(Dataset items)
##########

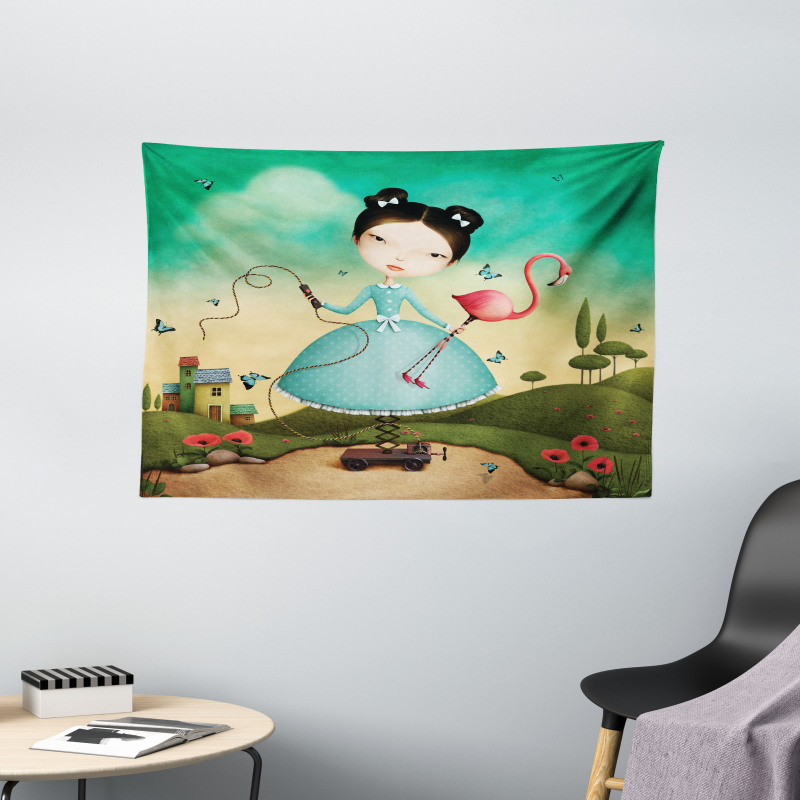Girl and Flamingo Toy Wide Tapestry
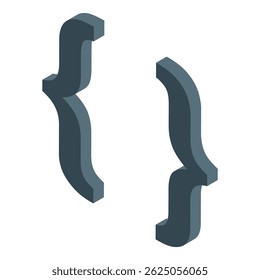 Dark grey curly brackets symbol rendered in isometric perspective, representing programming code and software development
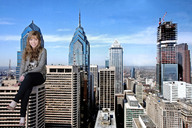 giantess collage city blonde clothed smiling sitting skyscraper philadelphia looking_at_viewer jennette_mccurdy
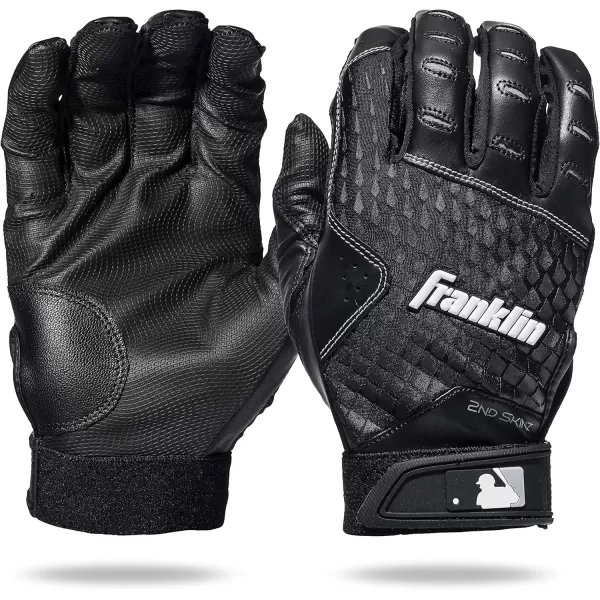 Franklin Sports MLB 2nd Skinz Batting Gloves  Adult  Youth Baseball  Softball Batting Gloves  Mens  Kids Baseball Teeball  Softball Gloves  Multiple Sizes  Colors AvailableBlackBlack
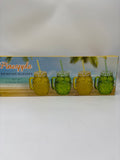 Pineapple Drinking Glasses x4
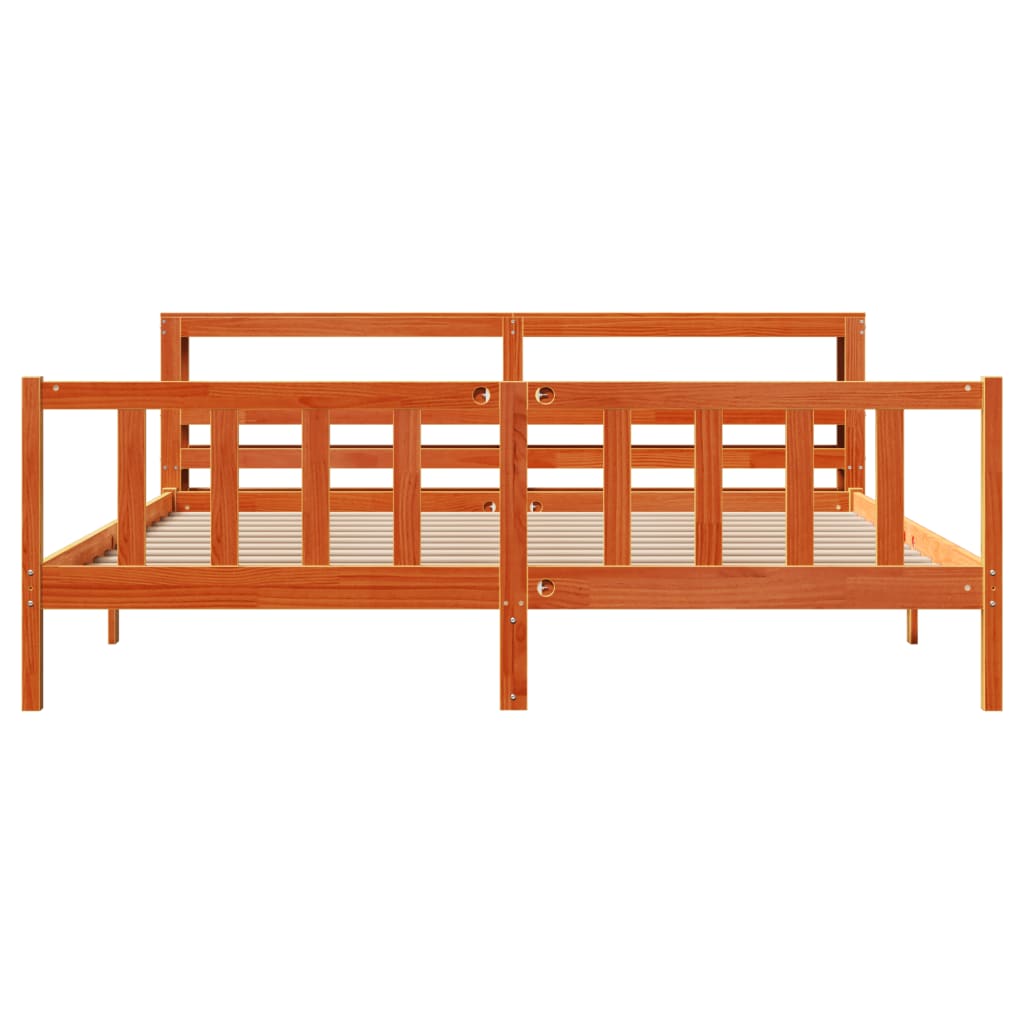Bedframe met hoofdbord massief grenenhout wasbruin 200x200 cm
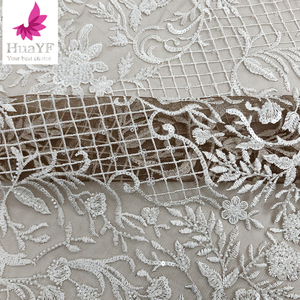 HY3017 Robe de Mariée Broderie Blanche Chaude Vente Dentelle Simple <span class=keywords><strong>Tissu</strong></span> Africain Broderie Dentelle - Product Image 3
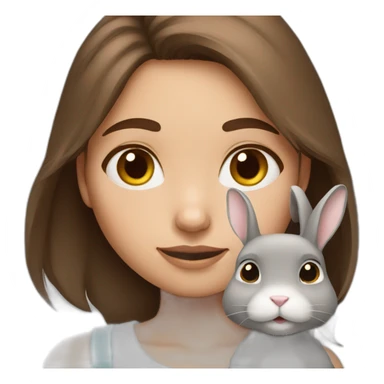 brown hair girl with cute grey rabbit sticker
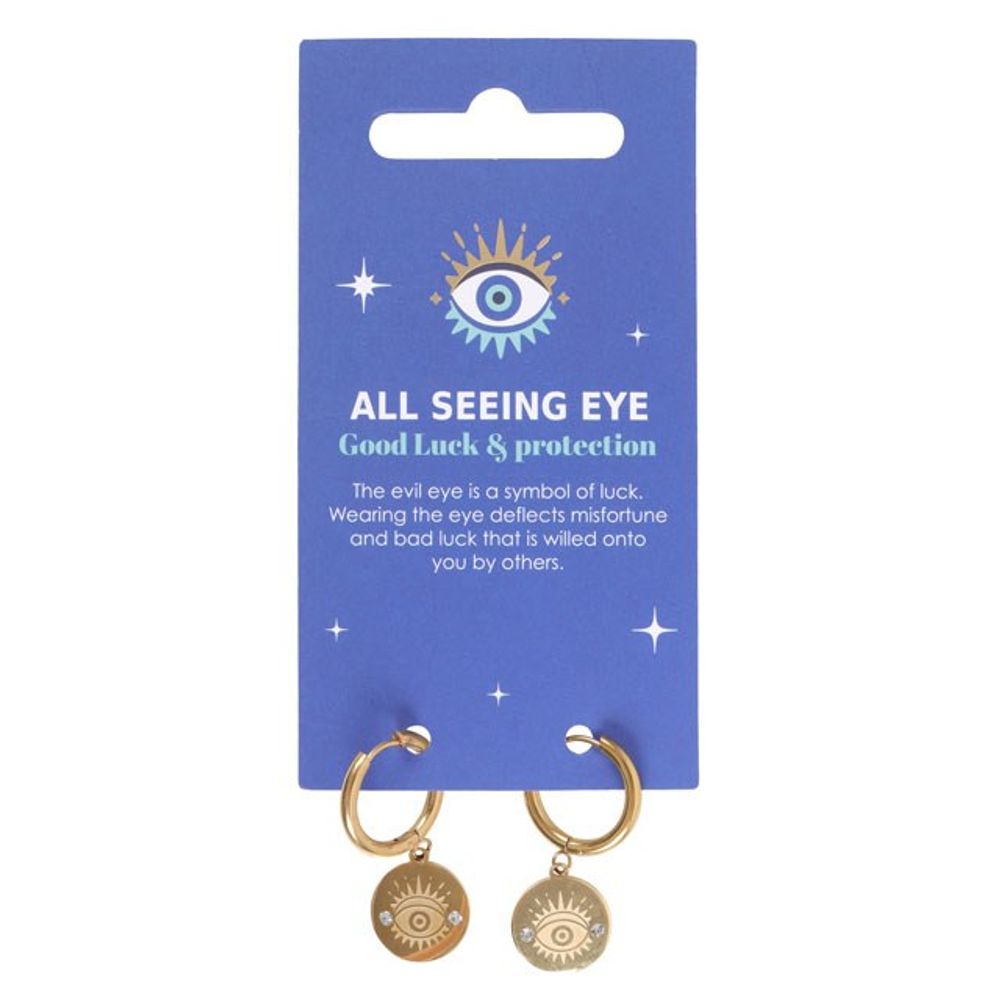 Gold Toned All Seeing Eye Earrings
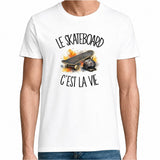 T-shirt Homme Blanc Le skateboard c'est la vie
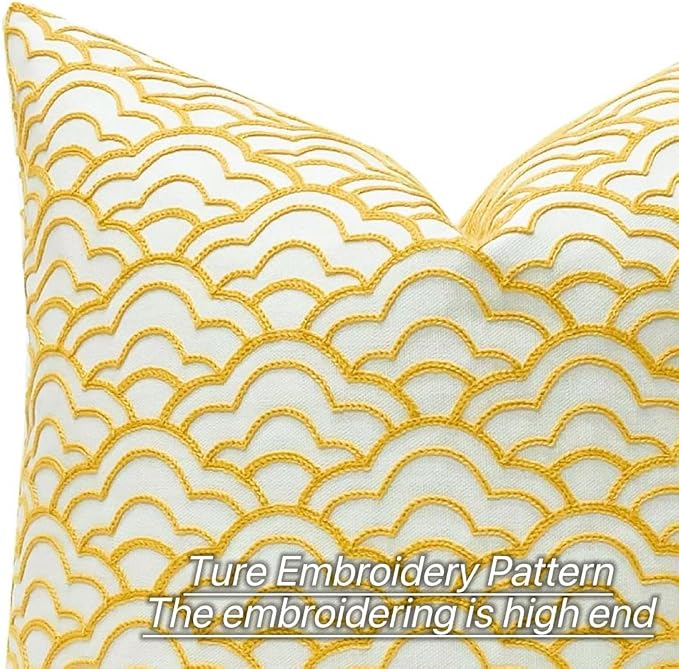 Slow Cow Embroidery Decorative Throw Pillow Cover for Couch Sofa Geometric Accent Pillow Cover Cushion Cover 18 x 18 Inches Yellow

##########

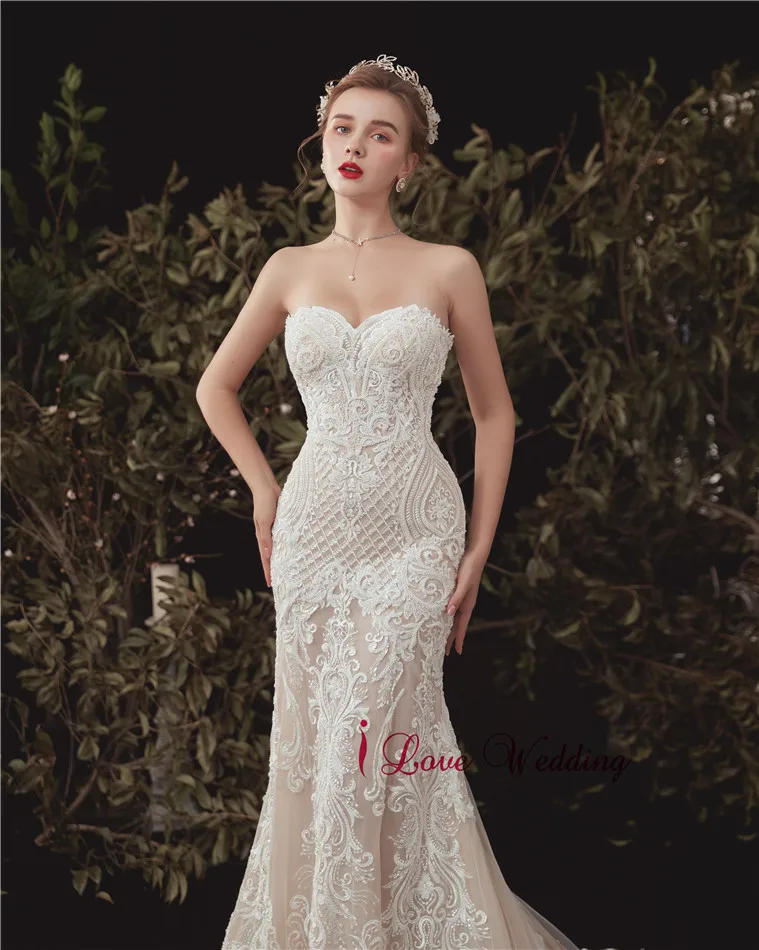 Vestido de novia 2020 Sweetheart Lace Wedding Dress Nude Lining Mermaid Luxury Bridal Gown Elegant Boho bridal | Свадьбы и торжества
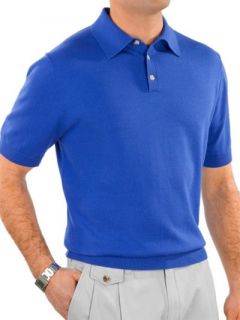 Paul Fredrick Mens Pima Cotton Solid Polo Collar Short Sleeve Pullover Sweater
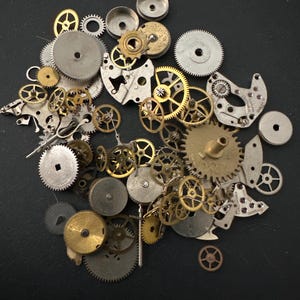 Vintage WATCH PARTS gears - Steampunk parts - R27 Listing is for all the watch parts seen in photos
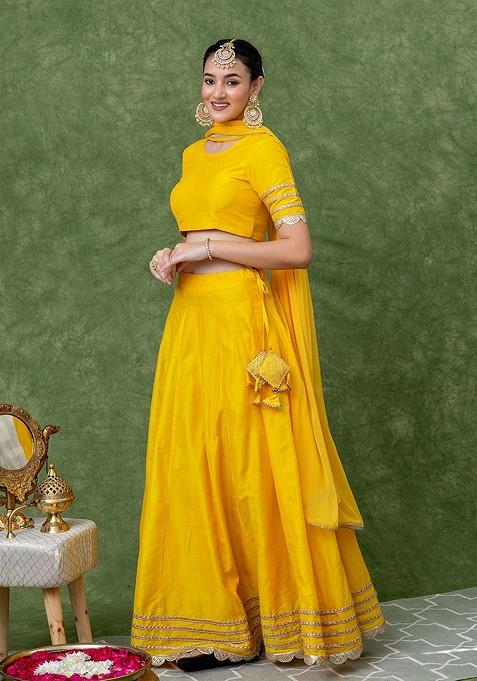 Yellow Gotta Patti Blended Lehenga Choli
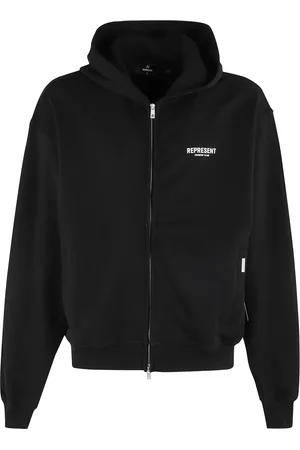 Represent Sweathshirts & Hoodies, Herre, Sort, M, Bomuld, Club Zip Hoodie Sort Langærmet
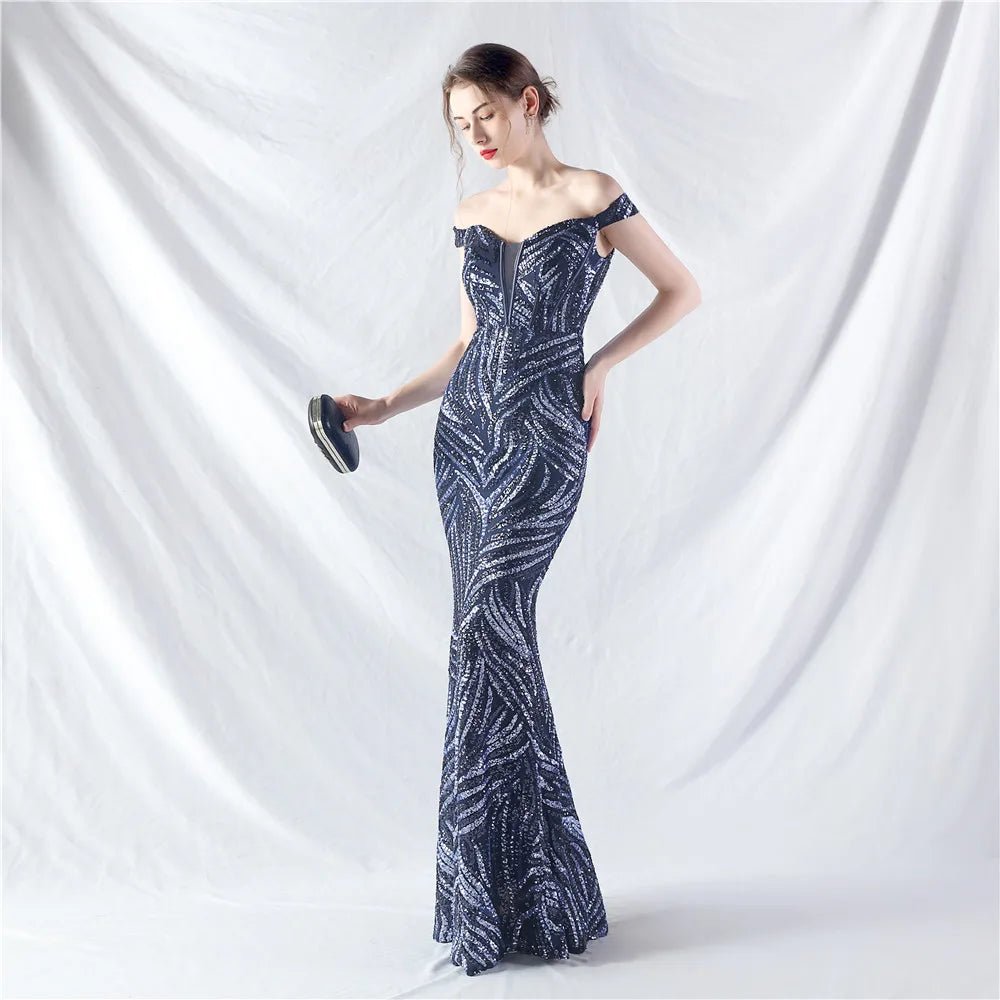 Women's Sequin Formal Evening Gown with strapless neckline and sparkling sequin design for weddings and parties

##########

Assignment »
Go to the line above holding "Girl and Flamingo Toy Wide Tapestry", then copy exactly each line down to and including the one holding "Slow Cow Embroidery", leaving pictures out.

Task answer »
Girl and Flamingo Toy Wide Tapestry
 Dark grey curly brackets symbol rendered in isometric perspective, representing programming code and software development
 giantess collage city blonde clothed smiling sitting skyscraper philadelphia looking_at_viewer jennette_mccurdy
 Franklin Sports MLB 2nd Skinz Batting Gloves  Adult  Youth Baseball  Softball Batting Gloves  Mens  Kids Baseball Teeball  Softball Gloves  Multiple Sizes  Colors AvailableBlackBlack
 Pineapple Drinking Glasses x4
Bedframe met hoofdbord massief grenenhout wasbruin 200x200 cm
 HY3017 Robe de Mariée Broderie Blanche Chaude Vente Dentelle Simple <span class=keywords><strong>Tissu</strong></span> Africain Broderie Dentelle - Product Image 3
 brown hair girl with cute grey rabbit sticker
 Gold Toned All Seeing Eye Earrings
 T-shirt Homme Blanc Le skateboard c'est la vie
 Slow Cow Embroidery Decorative Throw Pillow Cover for Couch Sofa Geometric Accent Pillow Cover Cushion Cover 18 x 18 Inches Yellow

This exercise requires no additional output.